> [Problem]: The required output is the exact run of lines in the listing below from the line holding "An einem Glas" through the line holding "Cozonac, dolce tradizionale", with no pictures.
==== Records for processing
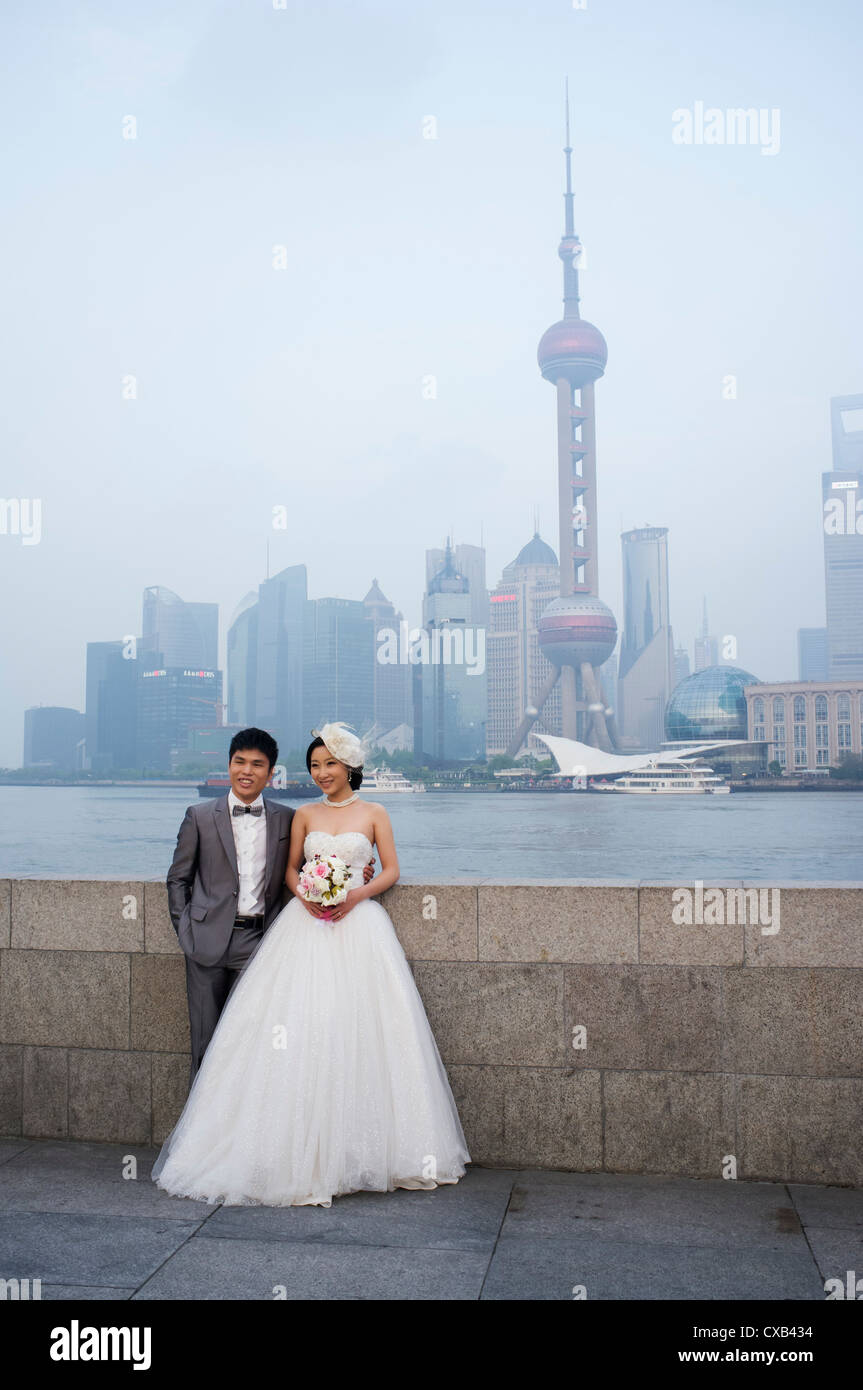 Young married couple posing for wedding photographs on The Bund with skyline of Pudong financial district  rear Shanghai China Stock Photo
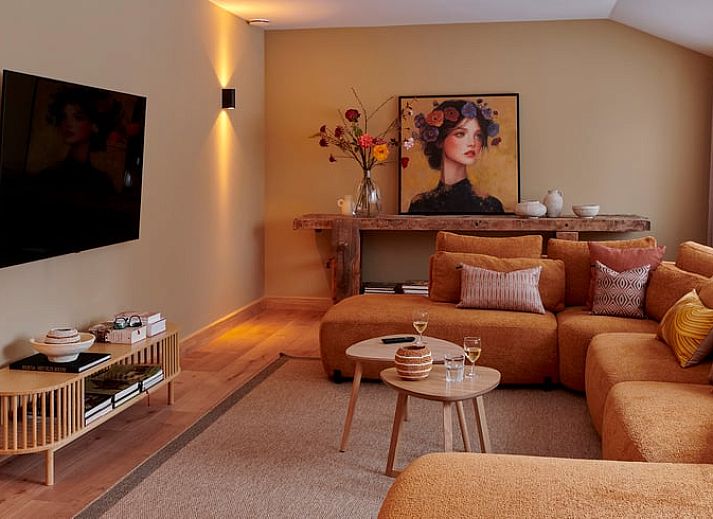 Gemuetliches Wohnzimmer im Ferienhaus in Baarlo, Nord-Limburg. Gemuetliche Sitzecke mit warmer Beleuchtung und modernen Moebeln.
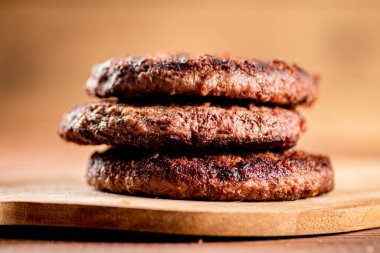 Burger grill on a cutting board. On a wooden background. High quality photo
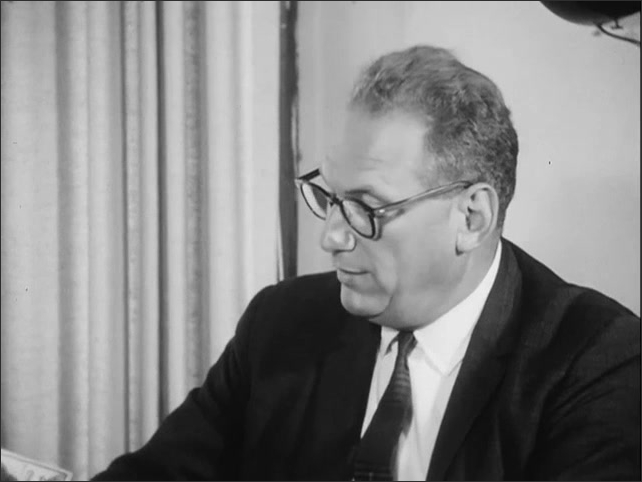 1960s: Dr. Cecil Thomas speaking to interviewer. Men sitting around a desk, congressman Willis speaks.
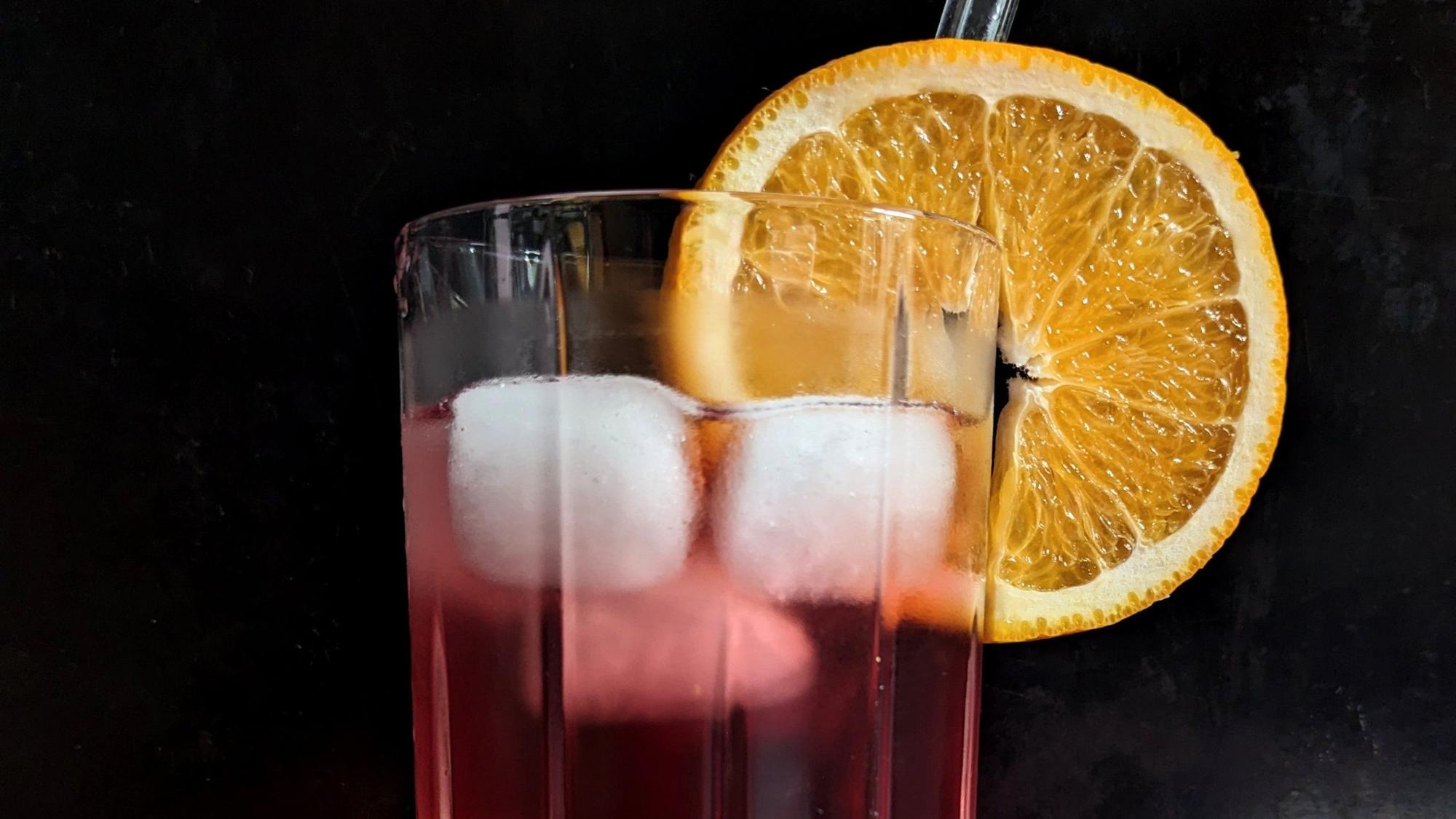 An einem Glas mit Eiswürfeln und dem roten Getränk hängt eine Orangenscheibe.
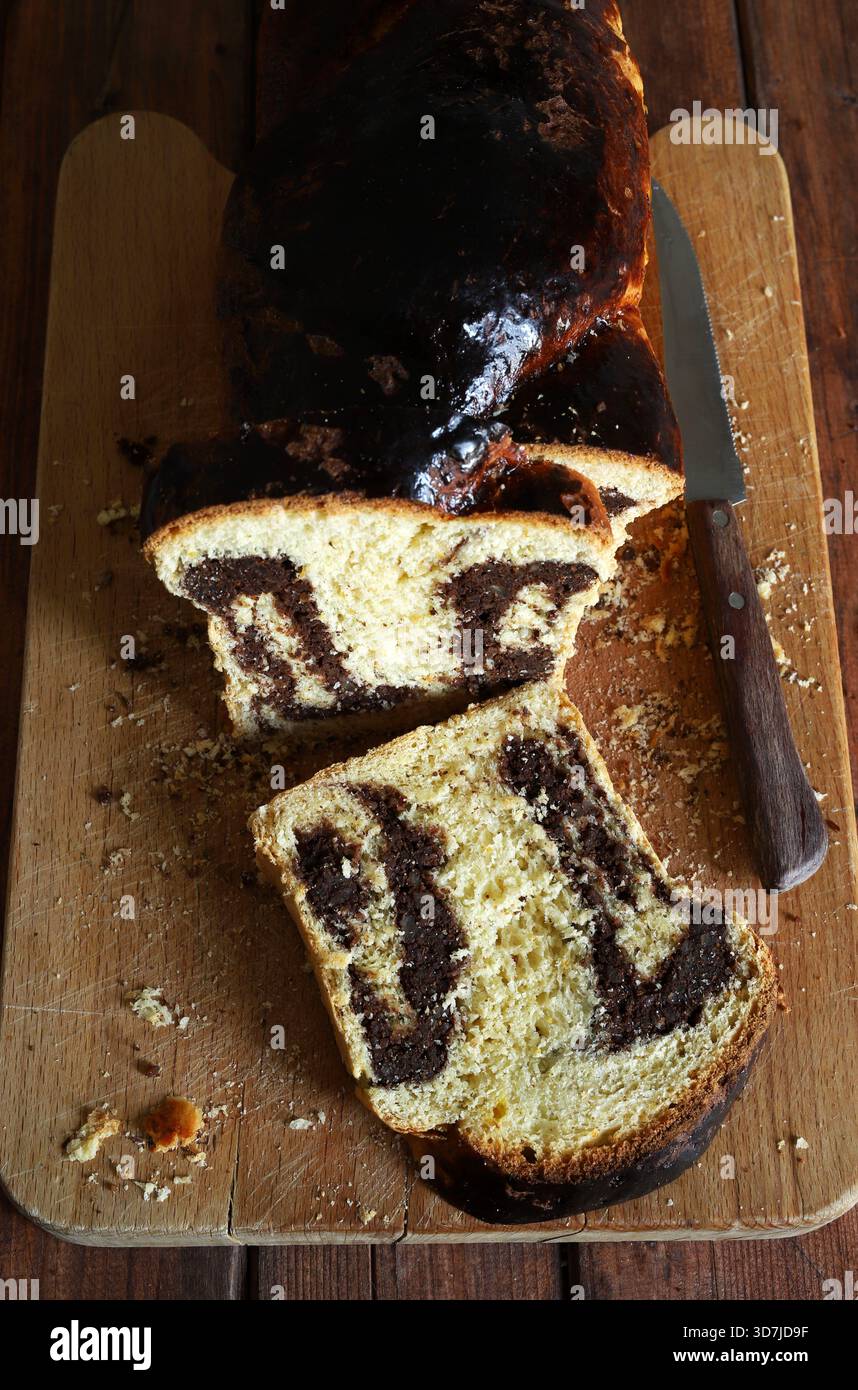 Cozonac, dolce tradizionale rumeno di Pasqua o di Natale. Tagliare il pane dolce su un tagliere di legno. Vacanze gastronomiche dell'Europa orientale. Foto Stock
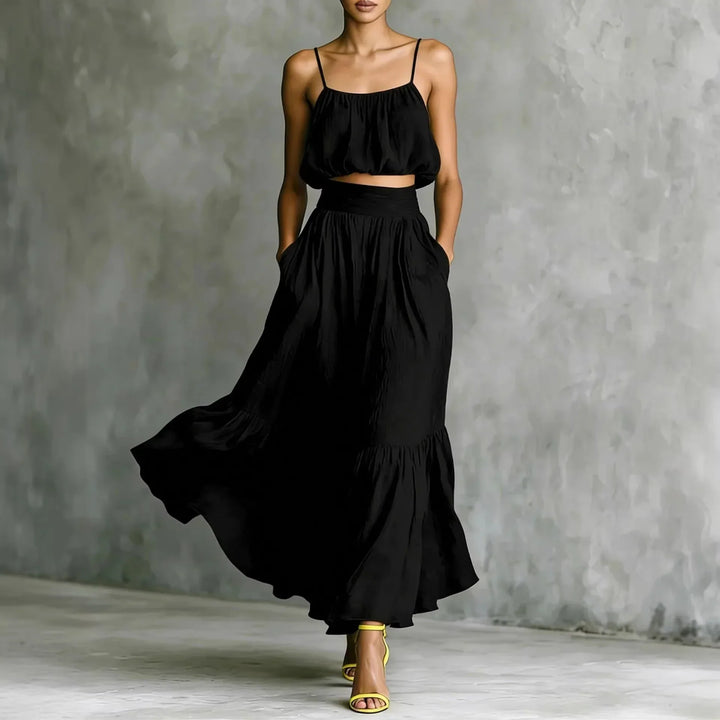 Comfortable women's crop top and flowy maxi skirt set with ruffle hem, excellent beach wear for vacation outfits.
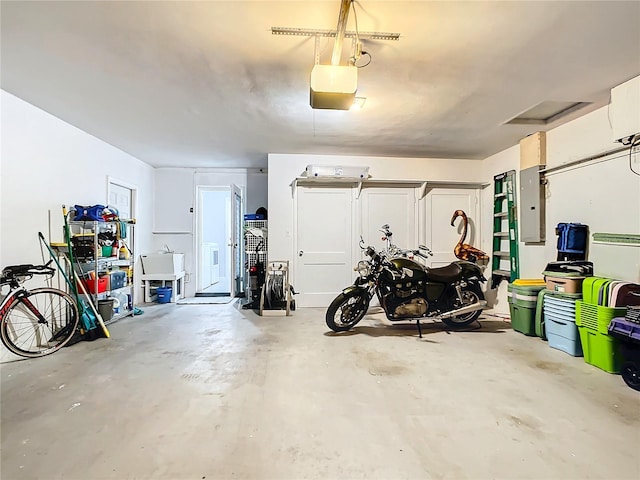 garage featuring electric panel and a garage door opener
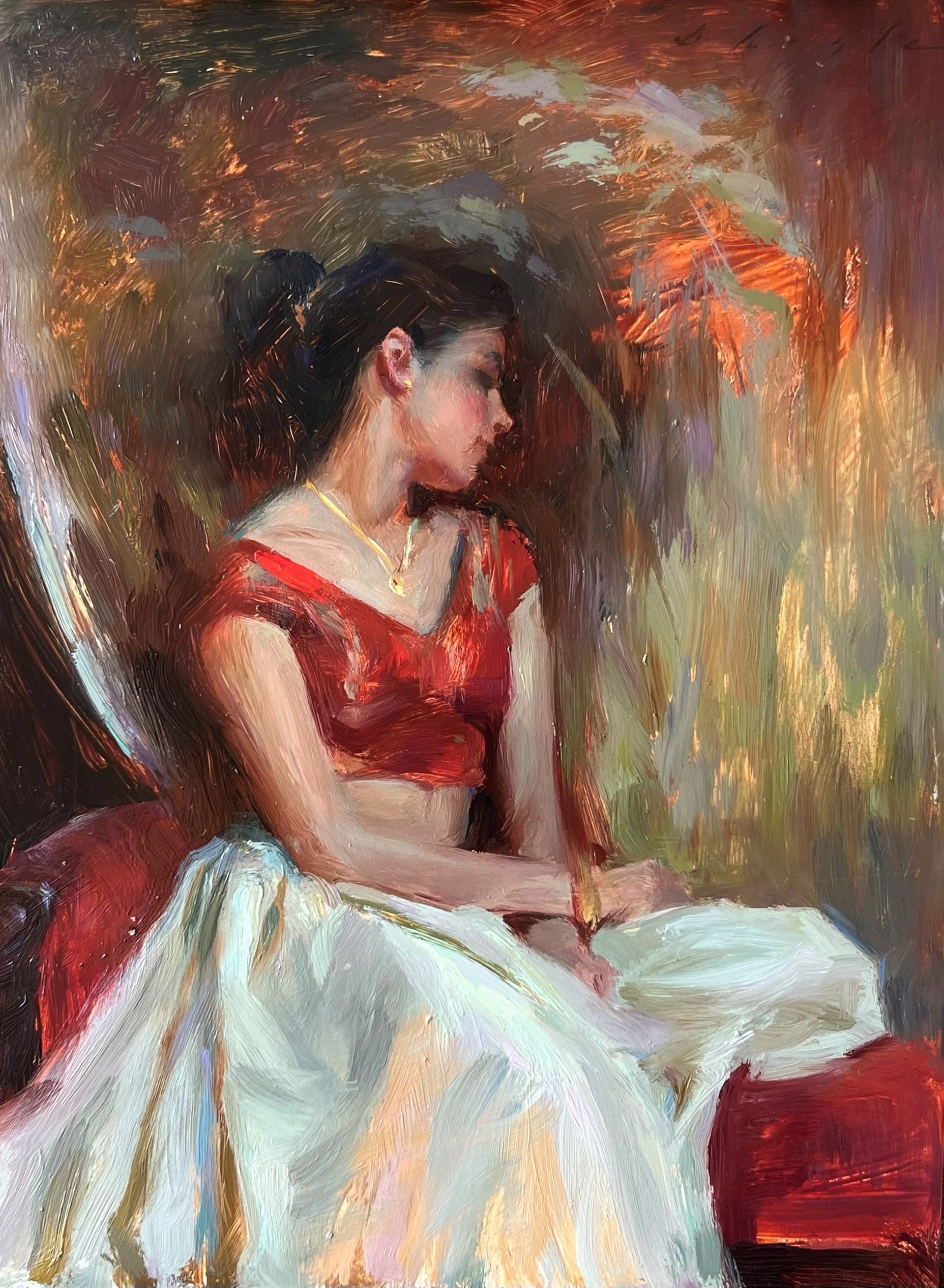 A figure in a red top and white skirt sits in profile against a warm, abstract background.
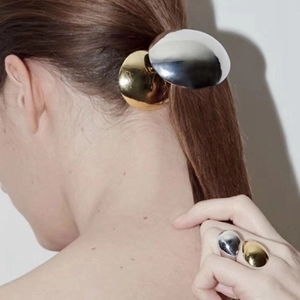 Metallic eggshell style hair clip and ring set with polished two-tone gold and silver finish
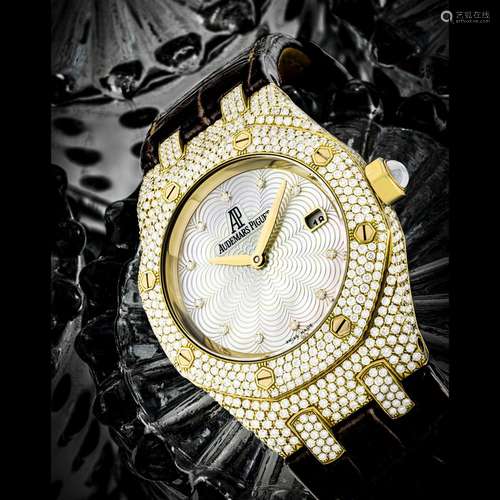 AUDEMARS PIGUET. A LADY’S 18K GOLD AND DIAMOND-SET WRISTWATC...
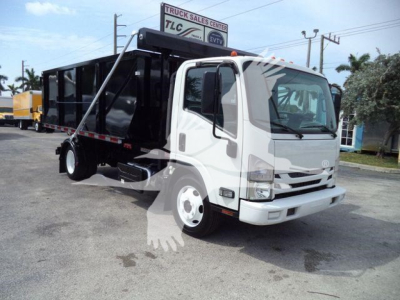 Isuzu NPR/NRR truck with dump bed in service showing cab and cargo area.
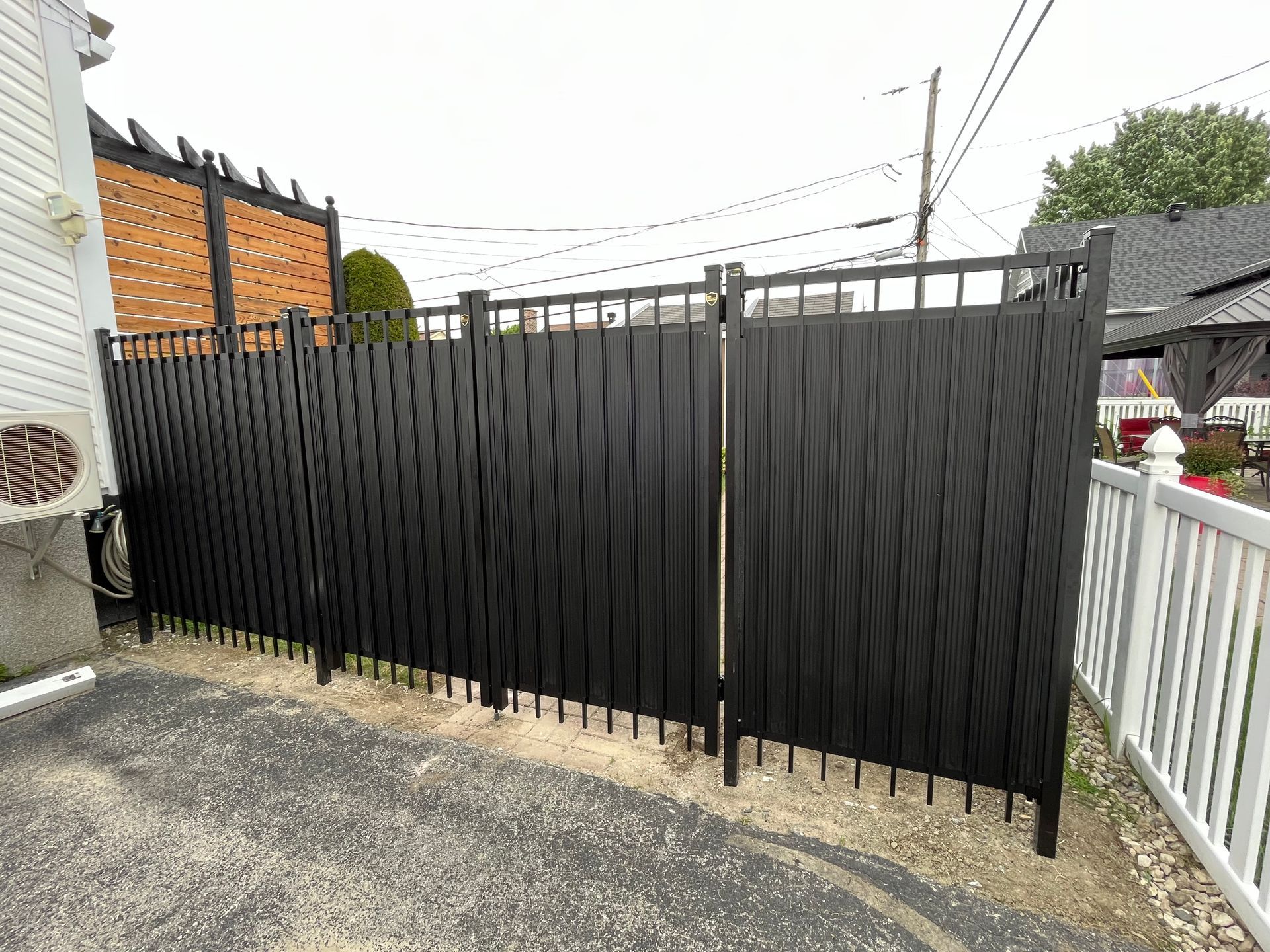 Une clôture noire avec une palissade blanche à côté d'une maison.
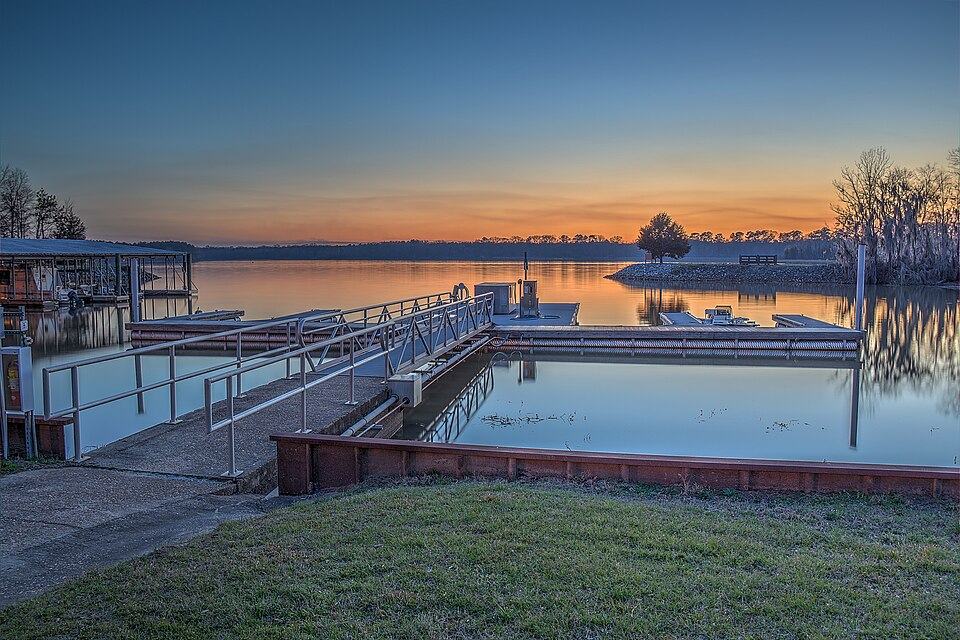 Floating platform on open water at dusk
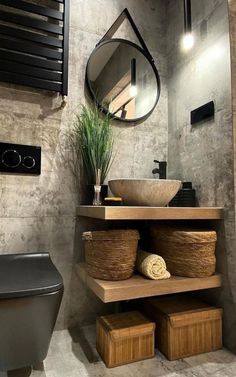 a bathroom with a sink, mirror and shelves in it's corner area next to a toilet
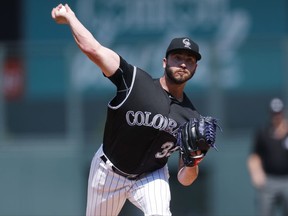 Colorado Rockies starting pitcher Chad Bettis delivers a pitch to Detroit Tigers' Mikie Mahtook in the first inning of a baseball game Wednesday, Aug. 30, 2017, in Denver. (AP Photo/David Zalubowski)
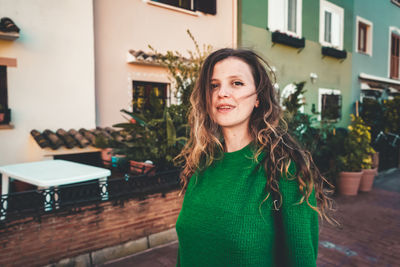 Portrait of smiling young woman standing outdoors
========
> [Task result]:
 An einem Glas mit Eiswürfeln und dem roten Getränk hängt eine Orangenscheibe.
 Cozonac, dolce tradizionale rumeno di Pasqua o di Natale. Tagliare il pane dolce su un tagliere di legno. Vacanze gastronomiche dell'Europa orientale. Foto Stock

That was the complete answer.